Quem, como eu, viveu a infância sem relógio, a chutar a bola por entre medas de centeio, ainda afaga parcelas desse tempo. Os livros eram comprados na papelaria próxima. O ganho ficava na terra. Era a economia circular, benevolente, previsível. Anos mais tarde, a pesquisa fez-se à custa da biblioteca universitária. Aqui e acolá, entrávamos em fila de espera para ter o autor desejado. À míngua, cosíamos as letras. À farta, angariavam densidade. Dávamos-lhes tempo.

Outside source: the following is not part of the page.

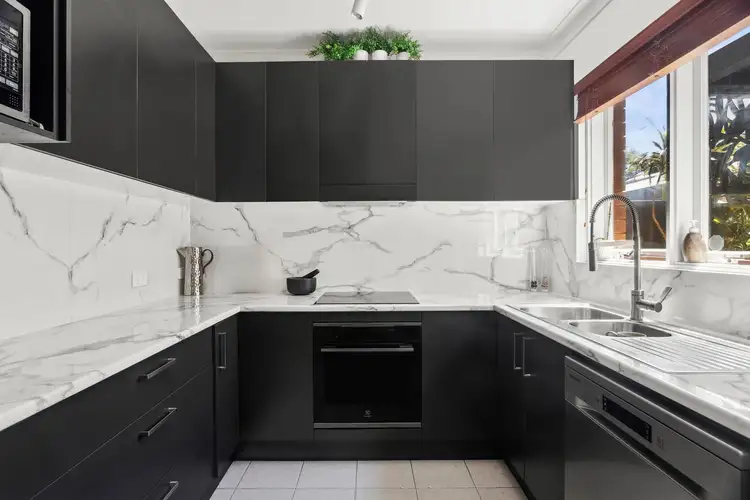 Fourth view of Homely townhouse listing, 3/83 Foster Street, Leichhardt NSW 2040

Hoje, não estar ligado é para a geração mais recente uma utopia. Rendilha-se o minuto como se desfaz uma hora. É tudo volúvel. A notícia ganha barbas em tiro. Não há paciência para o corpo do texto. Troca-se o olhar pelo lead e basta. O que fazia parar, não conta. O que fazia andar, é enfado.
Puxo este quadro porque li, por estes dias, que o homem responsável pela introdução da internet em Portugal rubricou o último online. Jubilado pela Faculdade de Ciências e Tecnologia da Universidade Nova de Lisboa, José Augusto Legatheaux Martins é mais do que um dos fundadores do primeiro servidor de acesso à internet (ISP - Internet Service Provider) português, elaborado em 1996. Na última aula, estendida em 90 minutos, confessou que continua apaixonado por ela. Descreve-a como “a realização tecnológica humana de maior complexidade”. Apesar do vigor do amor, reconhece que é uma porta aberta onde entram “malfeitores”, tudo porque “foi concebida sem a faceta da segurança”.
Tem autoridade Legatheaux quando aponta o dedo à meia dúzia de empresas que têm na mão a segurança, o funcionamento e a estabilidade da internet. Quando há falha, o efeito dominó entra em vertigem. O recente apagão dos ases de Zuckerberg (Facebook, Instagram e WhatsApp) colocaram a nu a fragilidade de uma estrutura que continua a revelar buracos na nossa confiança.
A Europa tem trabalhado na regulação. É inegável o esforço. Todavia, a soberania digital reside nos Estados Unidos e na China, espelhada nas valorizações pornográficas que todos assistimos nas bolsas de valores onde pontificam os cinco colossos da internet: Apple, Microsoft, Google, Amazon e Facebook.
Amedronta esta consciência. É tenebroso este poder quando é sabido que, desde 2019, mais de metade da humanidade está conectada. A internet não devia escapar a uma constituição que fosse garante de solidez. O seu inventor, o britânico Tim Berners-Lee, já veio a terreno defender a urgência de um consenso internacional entre governos e empresas tecnológicas. Só assim podemos colocar travão às malfadadas fake news e aos abusos de privacidade. A continuar a assobiar para o lado, esta autoestrada livre e aberta irá prosseguir a linha sanguinária, a matar sonhos e esperanças, a sugar até ao tutano a coberto da ímpia conduta dos cobardes.
Legatheaux é um visionário que deixa marca no pote da fé. Curvo-me e associo-me ao minuto de aplauso que teve no fim do último rabisco. Que nunca esmoreça no contributo que todos pedem para que o elo humano seja uma mais valia que minore o exílio de tantos que estão privados do abraço. Há ainda muita estrada para andar. Muito maligno para queimar. Oxalá, ainda haja rede para o homem colocar o enter nos eixos.